-- Dataset follows --

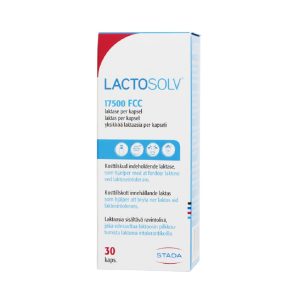 LACTOSOLV 17500 FCC 30 kapslar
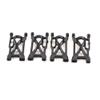 4Pcs Front Swing Arm Suspension Arm Set 0004 for 12428 12427 1/12 RC Car Spare Parts Accessories view 1
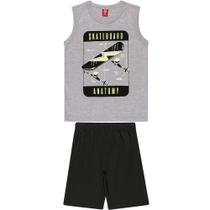 Conjunto Juvenil Regata E Short Menino Bee Loop Ref. 13963 Conjunto Juvenil Regata E Short Menino Bee Loop Ref. 13963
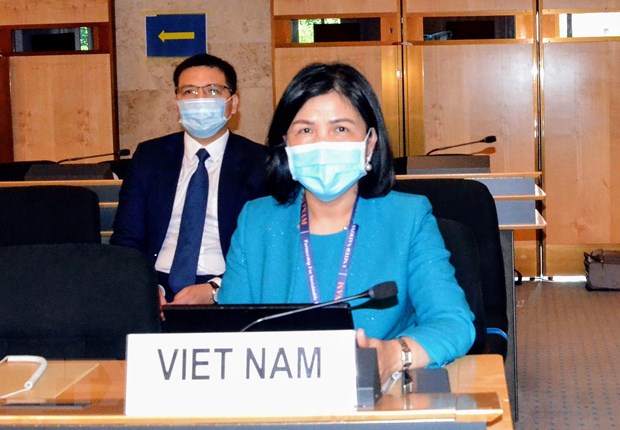 La délégation vietnamienne participe activement à la 45e session du Conseil des droits de l homme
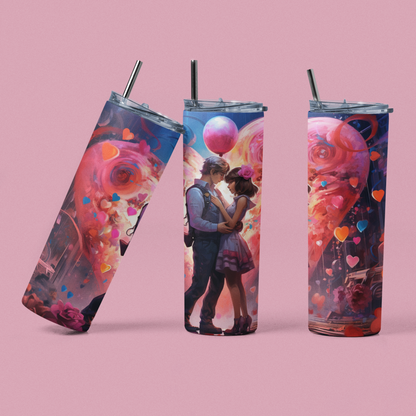 "Valentine Couple" 20 or 30 oz. Tumblers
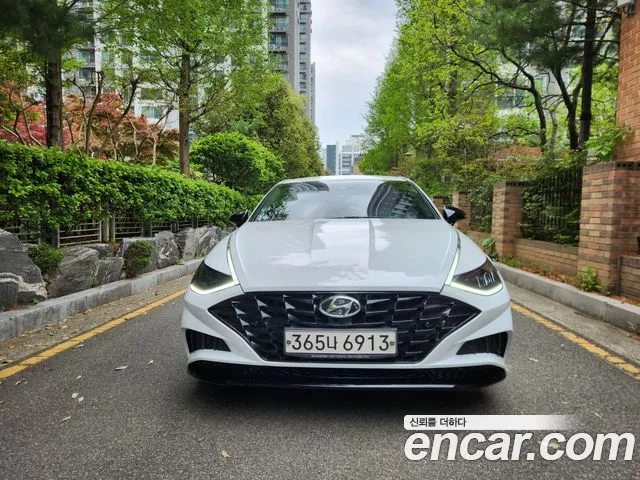 Hyundai Sonata (DN8) 1.6 Turbo Premium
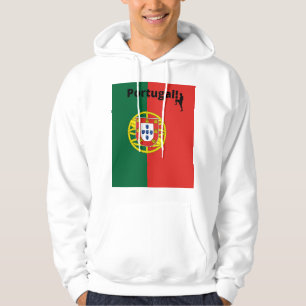 Portugal Oceanen, anpassadet Hoodie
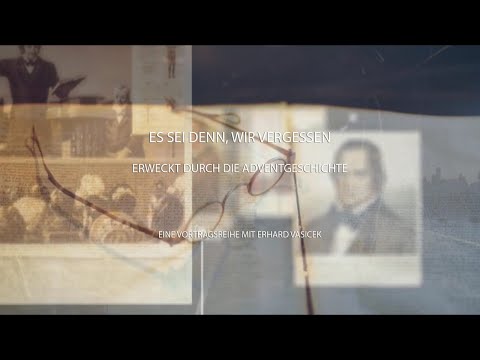 Es sei denn, wir vergessen: 1. William Foy - Den guten Kampf gekämpft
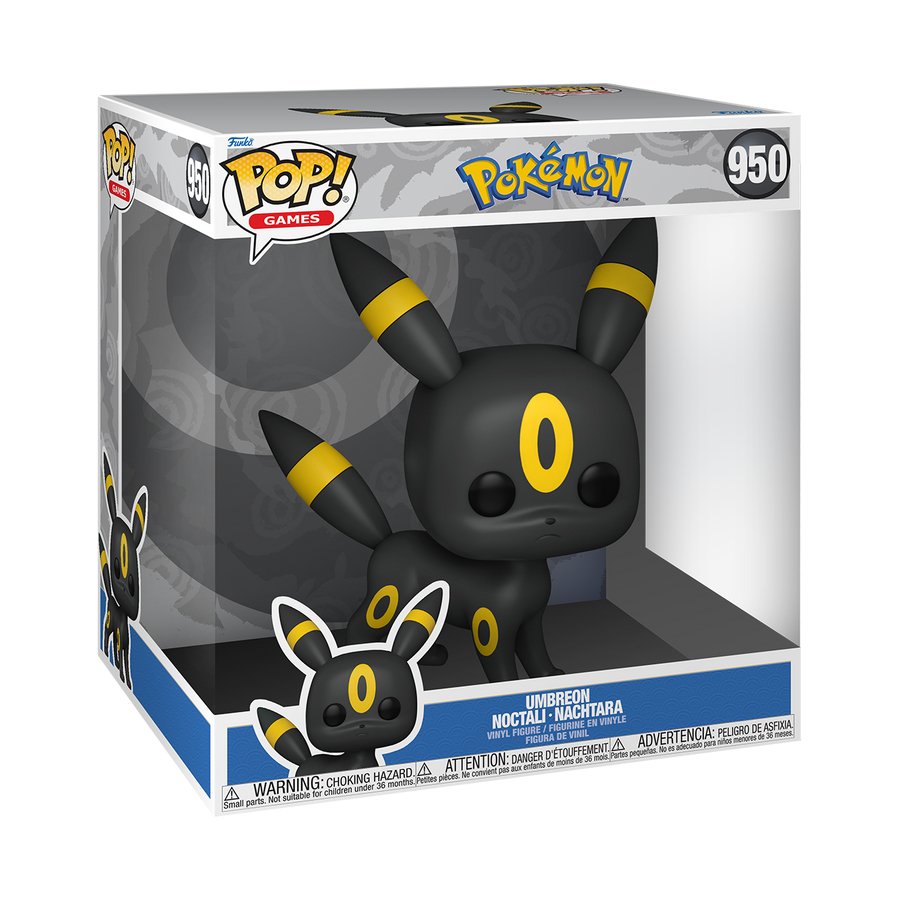 Figura Pop Jumbo Pokemon Umbreon 25cm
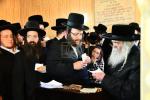 יומא דהילולא קדישא פון הרה"ק מקרעטשניף זי"ע בצל בנו כ"ק אדמו"ר מקרעטשניף י"ם שליט"א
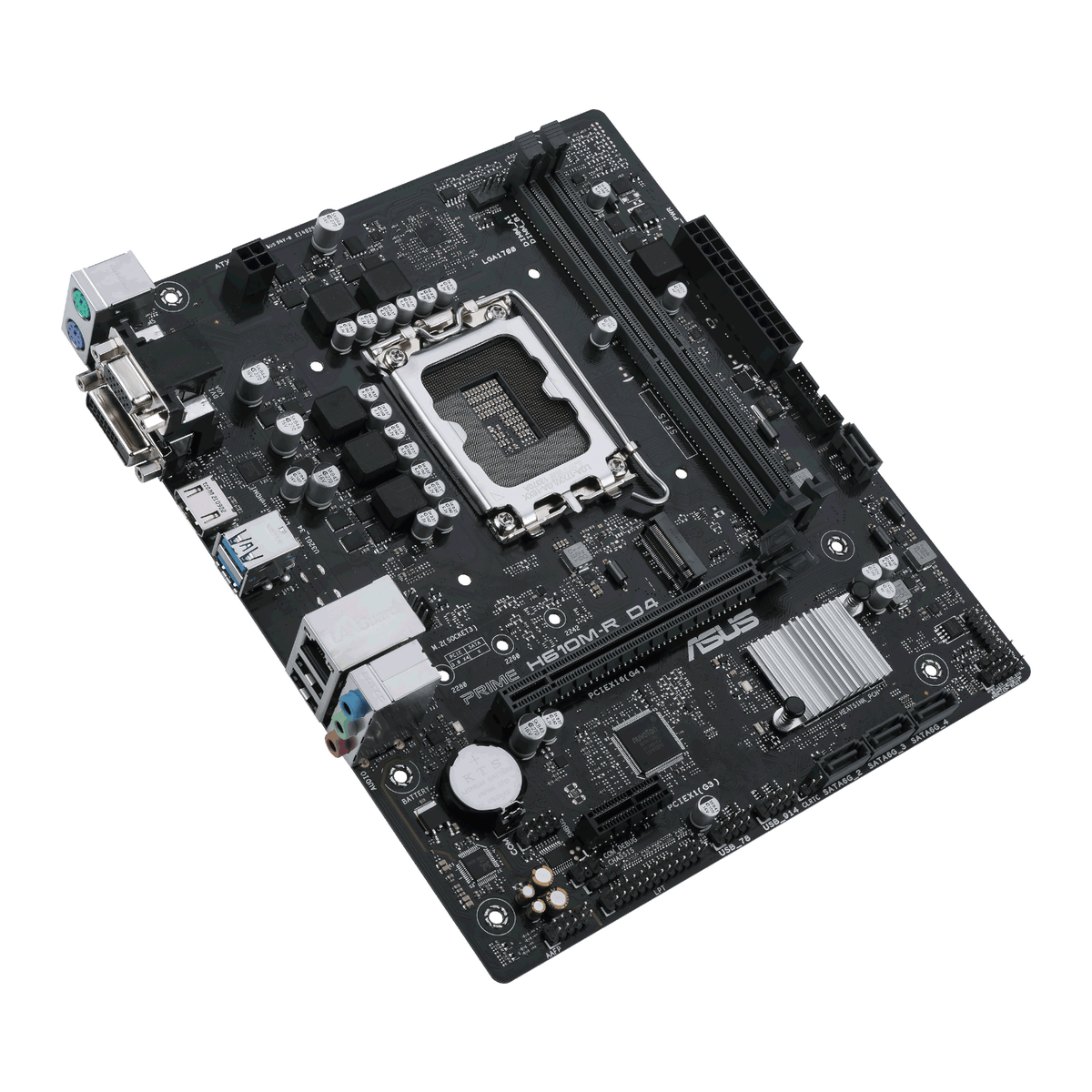 ASUS Prime H610M-R D4 LGA1700 M-ATX Motherboard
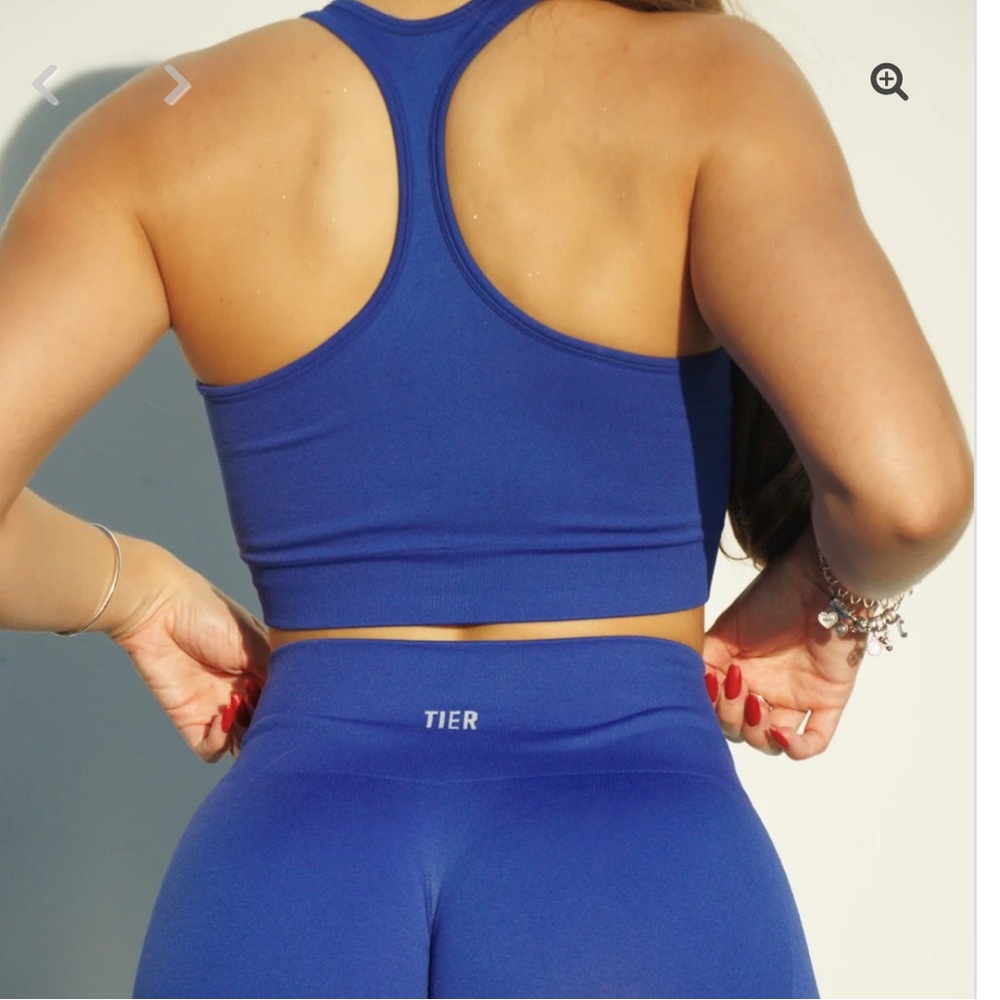 Tier Racerback Bra EUC - Picture 2 of 7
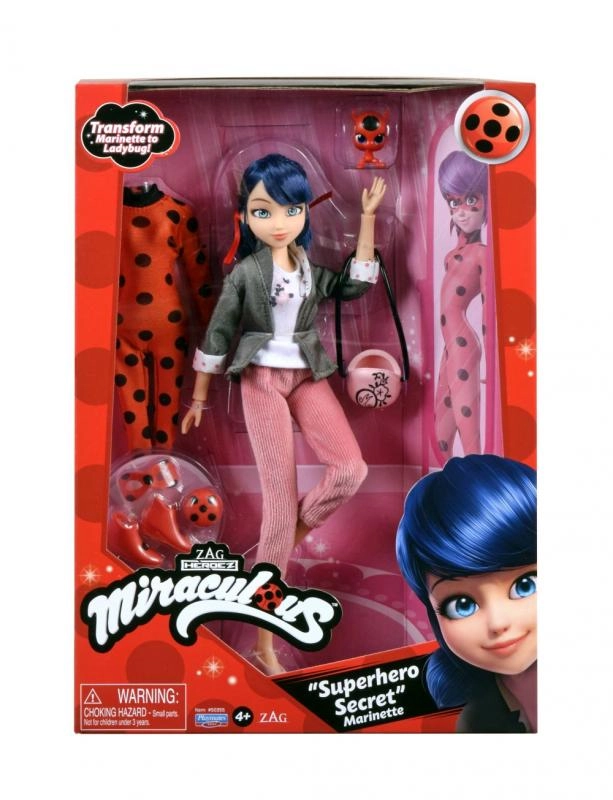 E-shop Orbico Miraculous Lienka a čierny kocúr; Marinette s oblekom Lienky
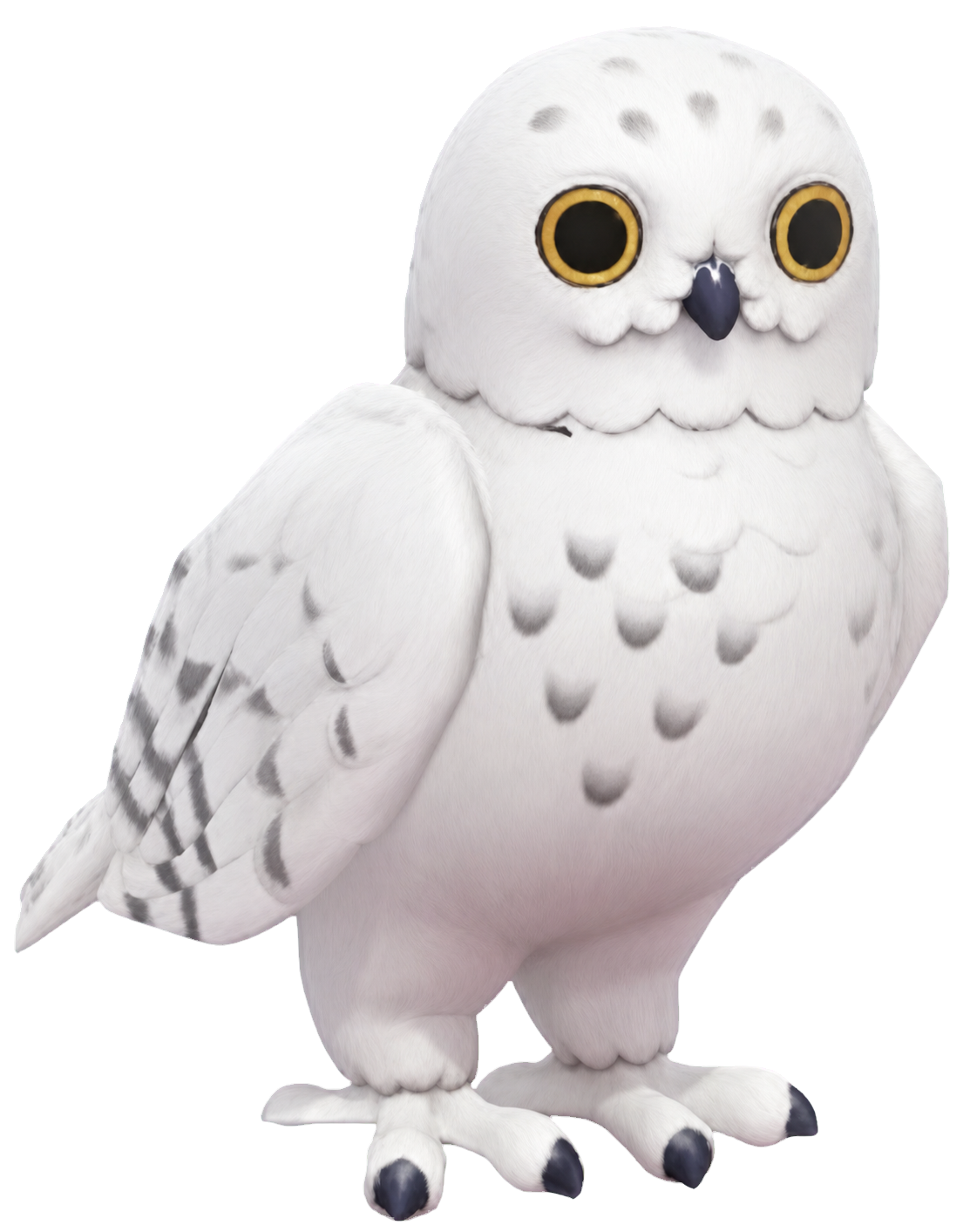 Oiseau Chouette des neiges dans Heartopia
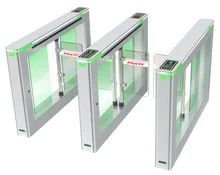 acheter Tournevis de barrière à haute vitesse contrôlé pour aéroports 220V alimentation 40-60 personnes/minute contrôle d'accès à la vitesse de passage online manufacture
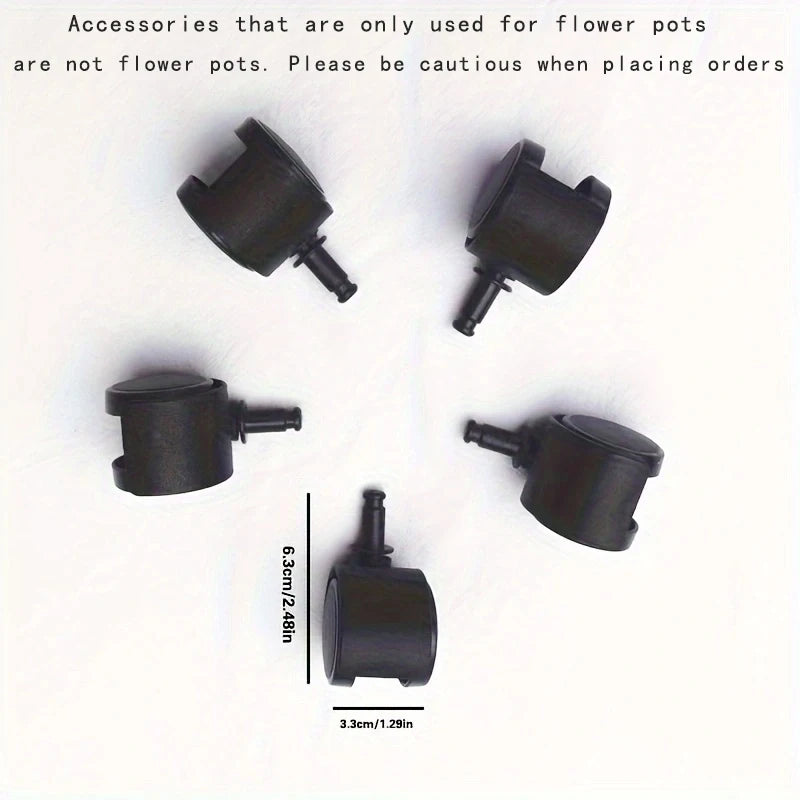 Vertical Plantation Tower Style Garden, Stackable Herb Garden Plantation, Vegetable Planting Pot, Petal Shaped Flower Pot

-- Dataset concluded --

> _Activity_: Start at the line that contains "acheter Tournevis de" and retype every line through the end of the entries above, both ends included. Exclude all pictures.

> _Written response_:
 acheter Tournevis de barrière à haute vitesse contrôlé pour aéroports 220V alimentation 40-60 personnes/minute contrôle d'accès à la vitesse de passage online manufacture
 Vertical Plantation Tower Style Garden, Stackable Herb Garden Plantation, Vegetable Planting Pot, Petal Shaped Flower Pot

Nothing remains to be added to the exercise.